Afin de limiter cet effet secondaire, la cinématique des tringleries de commandes d'ailerons est conçue de telle sorte que l'aileron qui se baisse, se baisse moins proportionnellement que ne se lève l'autre aileron, ceci afin de limiter la traînée différentielle.

 
    Qu'est-ce que le lacet et le roulis induit ?


 Le lacet et le roulis induit, même s'ils concernent chacun un axe différent, ont tous deux la même cause. En virage, l'aile extérieure est plus loin du centre du virage que l'aile intérieure. En conséquence de quoi, l'aile extérieure (haute) parcourt une plus grande distance que l'aile intérieure. Or, les deux ailes mettent le même temps à parcourir un tour complet donc si elles parcourent des distances différentes dans le même temps, c'est qu'elles n'ont pas la même vitesse. L'aile haute avance plus vite que l'aile basse. On observe un phénomène semblable sur les voitures où, en virage, la roue extérieure tourne plus vite, ceci imposant la présence d'un différentiel.

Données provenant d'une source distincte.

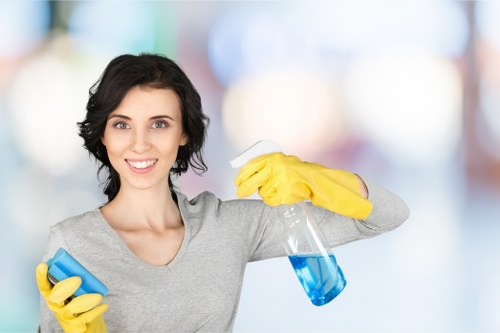 Airbnb turnover cleaning in an Acton apartment ready for guest check-in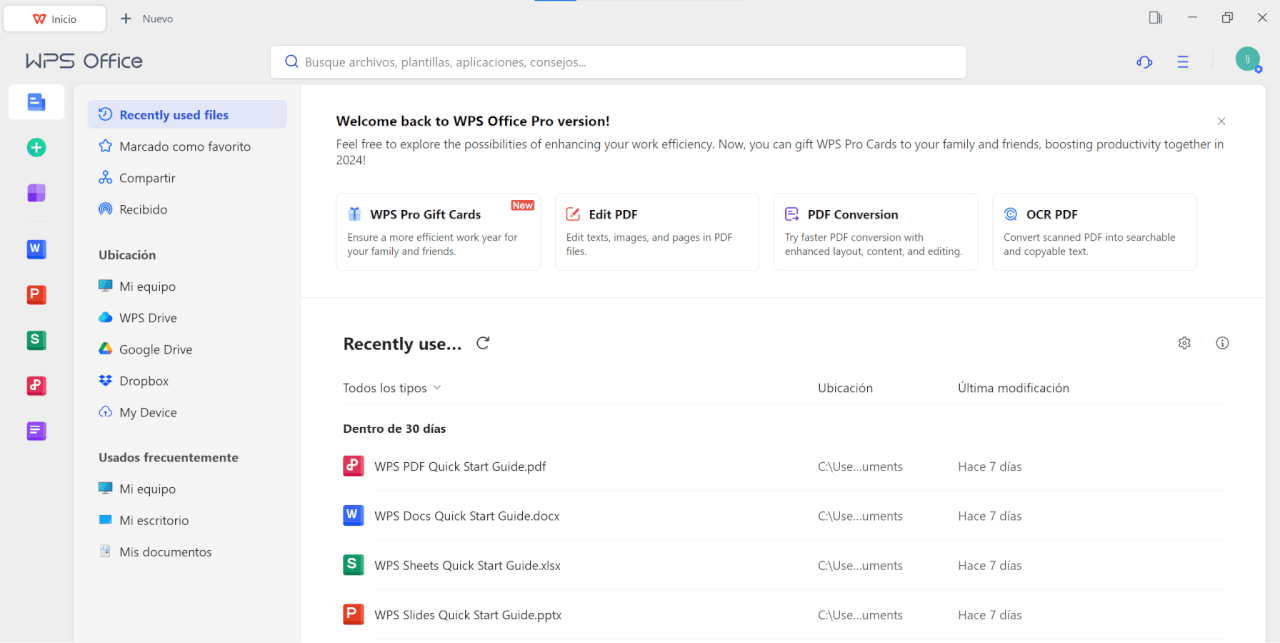 Acesse ferramentas ilimitadas do WPS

Donc, nos deux ailes n'avancent pas à la même vitesse.

 

  • L'aile la plus rapide génère plus de portance et plus de traînée que l'autre. L'aile haute "porte" plus, elle à tendance à se lever davantage: L'avion s'incline de lui-même de plus en plus, il s'agit du roulis induit.
  • L'aile la plus rapide traîne plus et est retenue en arrière: le nez de l'avion tend à être "retenu" à l'inverse du virage c'est le lacet induit.

 

Pour contrer ces deux phénomènes, en virage stabilisé, le pilote "mettra" en permanence un peu d'aileron à l'extérieur pour éviter la tendance de l'inclinaison à augmenter. (Ceci est une des causes de la mise en virage engagé par distraction en vol aux instruments). Cette petite déflexion générera un lacet inverse qui compensera en partie le lacet induit, sinon, le pilote appliquera légèrement les palonniers dans le sens du virage pour compenser le lacet induit.

Tous ces phénomènes ne sont que très peu voire pas du tout sensibles sur avion (de tourisme ou non vu la faible envergure et donc le petit bras de levier), par contre en planeur, ils sont très présent ce qui fait du vol à voile une école de pilotage incomparablement plus formatrice car elle nécessite un pilotage très fin et relativement complexe. J'ai retrouvé une complexité comparable en hélicoptère où les effets secondaires sont assez délicats à maîtriser au début en vol stationnaire, particulièrement sur les hélicos à piston.